Eventually he left, having calmed me down considerably.

Now it’s lunchtime, and blazing hot outside. The drought continues. I still find myself longing for a nice
small war on television. I explained to Adam my obsession with food programmes and the news. Also nature television. I can watch cookery programmes like
Ready Steady Cook
for hours, and take much pleasure in imagining the taste of the food, a taste that is now denied. I also like watching nature and travel programmes, and luxuriate in the view of the countryside one gets from television. This is another reason for watching Channel Four, which seems to me to be vastly superior to the BBC.

I’ve come to realize what it means to be an ill person, to be stuck in one place and unable to enjoy the world outside. Adam and I also discussed the way in which most doctors don’t have a clue. He says that if you pay for health care and go on the private side, as I have, they are much more likely to discuss your chances, the prognosis and so forth, than if you go on the NHS, where they won’t tell you a thing. Doctors have their professional pride: because they often don’t know the causes of stroke, and its potential outcome, they refuse to be drawn into a discussion of what’s happened. Doctors have their fantasies of omnipotence, too.

T
UESDAY
22 A
UGUST

Being a patient means having time to think, time to brood. It’s a bit like being a baby again. All you can do while you are lying there is to organize your thoughts and make the most of your time, and of course, being alone in hospital (like prison) is not the same as solitude. There are constant interruptions from nurses and so forth, and there is nothing willed about it at all. You have to submit to the experience.

Now that I’m scheduled to go to the Devonshire [
Hospital
] for rehab, I am starting to feel very fond of,
1. the ward, and 2. the nurses. Julia came to say goodbye today, and said that I would soon be walking back in to see her. I’ll certainly miss her, and Hanifa, and Mamie, to whom I have become very attached.

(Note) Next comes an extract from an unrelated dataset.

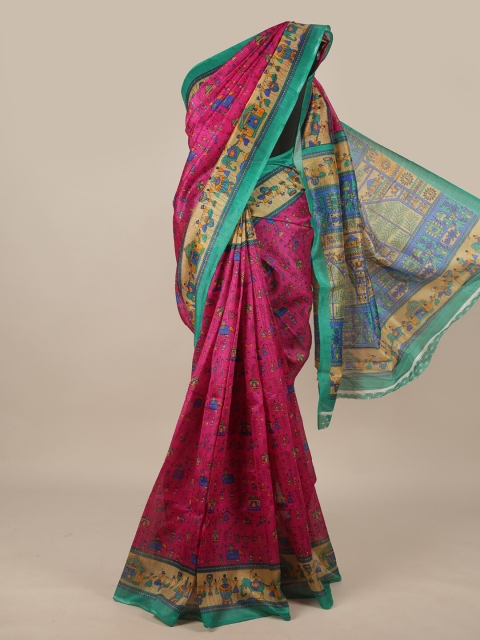 

Pothys Pink & Green Ethnic Motifs Saree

The press today is obsessed by the drought, which seems to be raging up and down the country. One of the worst things about this illness is that I shall have missed the best summer of my lifetime.

I have now been here almost a month. The most important thing is to explain the mood from day to day. Today my mood is much better. I saw Emma [
my assistant
] and Belinda [
the managing editor
] from Faber’s this morning, and we chatted happily. This morning I had a new physiotherapy session, and the nurse said I would be going to the Devonshire on Friday. I am looking forward to this greatly.

In the afternoon I had a succession of visits from friends … [
illegible
] … ending with my dear brother Mark. I felt very cheered up by all these visits. [
My friend
] A. brought some soup, and cracked jokes, and stayed for ages, and was delightful. There’s no doubt that visitors make a huge difference, and make the time pass more easily, though too many at once can be a strain and not enjoyable. People say you should visit the sick. That’s true, but you should not drive them demented. I can be lonely here, but I also enjoy my solitude.

There’s also the question of visitors’ etiquette. When do they leave, and how soon? It is up to them to say when they are going to go, but I have developed a way of saying ‘Thank you and goodbye’, as a way of preserving my energy.